When she was adjourning it, there happened to be a Liberal MP at the microphone saying she wanted to overturn the decision that had been made by the chairperson. The former chair just banged the gavel again. That, I believe, was improper.

The vice-chair of the NATO Parliamentary Assembly went to the front and continued the meeting, which the majority in the room felt had been improperly handled and was not done properly.

In fact, the honourable member from Etobicoke did not preside over his election. One of the staff members came to me and said I was on the list of people who could preside over the election of a new chairperson. I asked why. They said they weren’t really sure. I don’t know for sure, but I’m assuming it was because I was a former chair of the NATO Parliamentary Assembly.

The other person who was in the room was a Conservative MP. He said he would prefer not to do it, understandably so.

I actually presided — called for nominations for a chairperson, three times. One person, Borys Wrzesnewskyj, was the only person whose name came forward. He was elected unanimously.

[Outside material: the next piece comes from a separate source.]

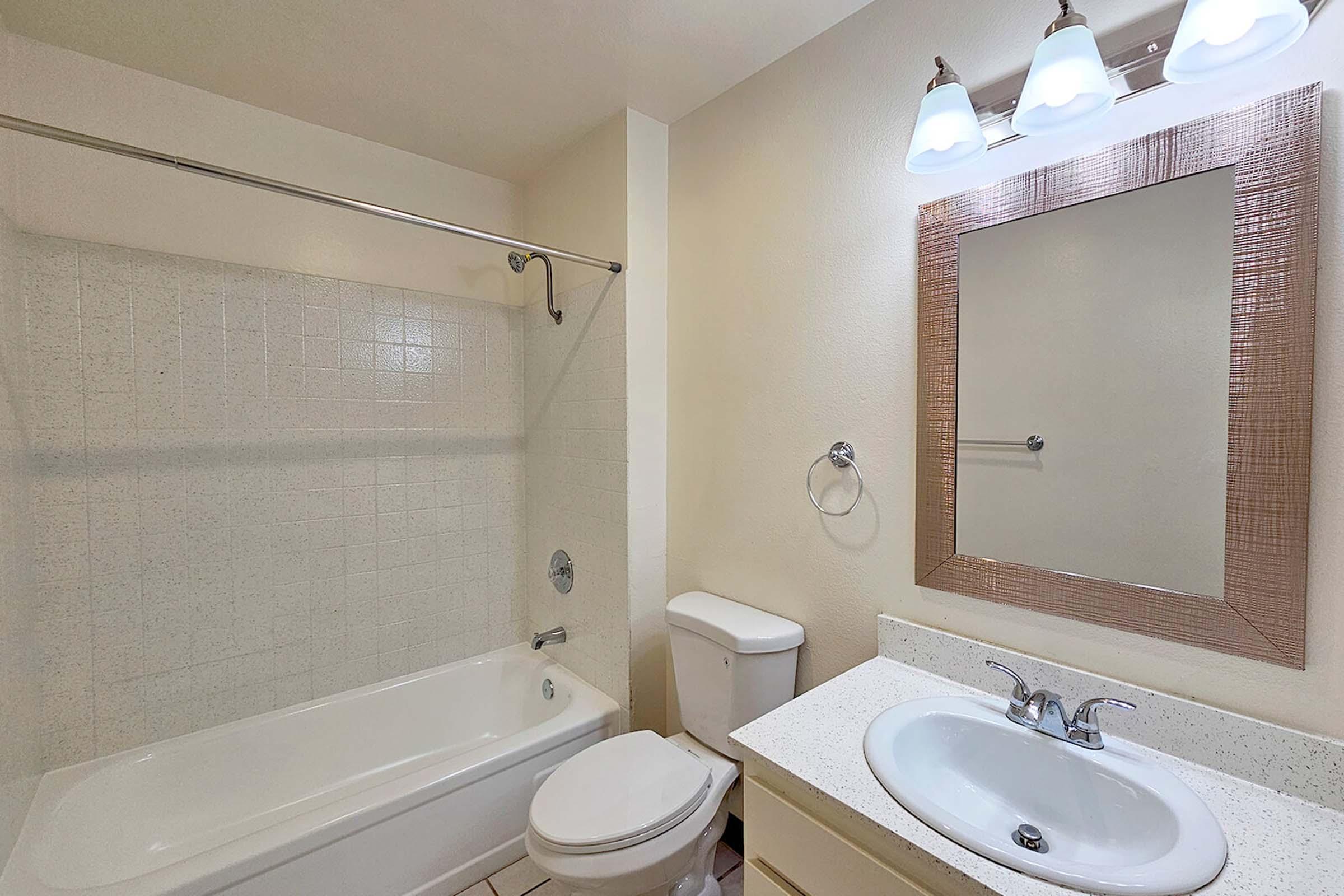A clean and modern bathroom featuring a bathtub with a shower curtain, a white toilet, a sink with a faucet, and a mirror above the sink. Three light fixtures are mounted above the mirror, illuminating the space. The walls are a neutral color, and the flooring is tiled.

I believe it was done in good stead. You could tell, coming into the meeting, that things were not — as I said earlier, in 18 years it was the worst meeting I have ever attended. You could tell coming in that there was no desire for friendliness — I’m not sure what terms you used — dignity and respect. And I agree with that, Senator Patterson. That was certainly not in evidence that night. But I do agree the majority of the people did not leave the room. The majority of the people stayed in the room after the former chair supposedly — and what I think was not correctly — adjourned the meeting. The majority of the people did stay in the room. Some people did leave, I grant you that. Thank you.